Yes indeed sorry- it was 18 inch radius on the packaging. I have a lot to learn .... I appreciate the help-I have a rough sketch in my head and was gonna simply ""lay it all out" ... this way does seem better just to correct what I am doing

Thank you!


----------



## scenicsRme (Aug 19, 2020)

Not a problem, terminology is just one of those things that you just have to learn, it's like a RRers subset of english, It just helps to communicate and get useful answers to questions if you use the right terminology. It's been some time since I did HO, but I believe 18" is the minimum radius recommended. If so it should be reserved for spurs and yards. Mainlines should use as large a radius as will fit, especially if long cars like passenger coaches and larger locomotives will be used. Even if they will operate on the minimum, they will look awkward with all the overhang and may hit passing cars, bridges, signals, and tunnels. I really recommend using flex track over sectional track wherever possible to avoid electrical gremlins (especially with DCC) due to so many joints, a lot of soldering and a multitude of drops to the buss. A large layout of sectional track can look like a mad spiderweb of wires underneath.
Also xtrkcad will help you plan easements (decrease in curve radius as it transitions into straight, much more prototypical, less toy train like) in flex track and increased parallel track spacing in curves automatically calculated by radius.


----------



## CTValleyRR (Jul 26, 2014)

repman66 said:


> Yes-the top two lines will be passenger trains, the rest will be coal, timber, and industry. The loop on the right will be inside a steel mill with the community rising gently. The left will be the alleghenies with trains coming from tunnels loaded with coal and raw materials for the mill. The turnout is right where the mill ends. That's the plan anyway. My turn radius, with the exception of the small mill train, are at least 18 degrees - I think.
> 
> Lastly, I have most of the coal and timber trains turning around under mountains and hills to similate their arrive fully loaded from the mines and timber fields. Trying to keep as much visible track looking like actual "lines".
> 
> ...


I don't know which other program you tried, but XtrakCAD has a pretty steep learning curve. I use and would recommend AnyRail, which has a much shallower learning curve. None of these programs is going to make much sense out of the box if you have no previous experience with CAD, or at least computer drawing / painting programs. You'll need to spend some time and figure it out.

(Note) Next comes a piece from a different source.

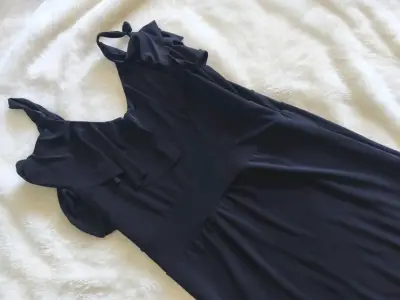 Vestido largo azul oscuro elegante - miniatura 1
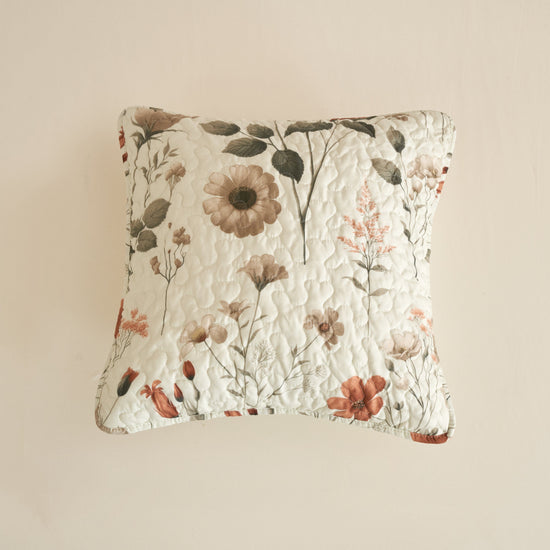 DaDalogy Enchanted Meadow Floral Quilt Set - Beige Rose Green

I love your ideas for a layout! Unfortunately, I think they are about to have an unpleasant collision with reality. You seem pretty eager to charge ahead and get things done, which is a refreshing change from people who go into paralysis by analysis and / or are afraid to try something because they're not sure it will be perfect.

I would urge you to slow down a bit and get some preliminary planning and design done before you put too much more effort into your layout. Frustration with things not working is one of the main reasons newcomers quit the hobby, and I'd hate to see you go down that path. Specifically, you need to make sure that you have room for everything you want to fit on your layout (from the sketch you provided, it doesn't look like it will, unless you have no plans for any scenery or structures. You also need to look at access. While you can crawl on the layout surface to build things you can't reach from the aisle, that's not a practical way to run a layout. If you have a derailment that's beyond your reach, it can be a major headache.


----------



## repman66 (Mar 10, 2021)

CTValleyRR said:


> I don't know which other program you tried, but XtrakCAD has a pretty steep learning curve. I use and would recommend AnyRail, which has a much shallower learning curve. None of these programs is going to make much sense out of the box if you have no previous experience with CAD, or at least computer drawing / painting programs. You'll need to spend some time and figure it out.
> 
> I love your ideas for a layout! Unfortunately, I think they are about to have an unpleasant collision with reality. You seem pretty eager to charge ahead and get things done, which is a refreshing change from people who go into paralysis by analysis and / or are afraid to try something because they're not sure it will be perfect.
> 
> I would urge you to slow down a bit and get some preliminary planning and design done before you put too much more effort into your layout. Frustration with things not working is one of the main reasons newcomers quit the hobby, and I'd hate to see you go down that path. Specifically, you need to make sure that you have room for everything you want to fit on your layout (from the sketch you provided, it doesn't look like it will, unless you have no plans for any scenery or structures. You also need to look at access. While you can crawl on the layout surface to build things you can't reach from the aisle, that's not a practical way to run a layout. If you have a derailment that's beyond your reach, it can be a major headache.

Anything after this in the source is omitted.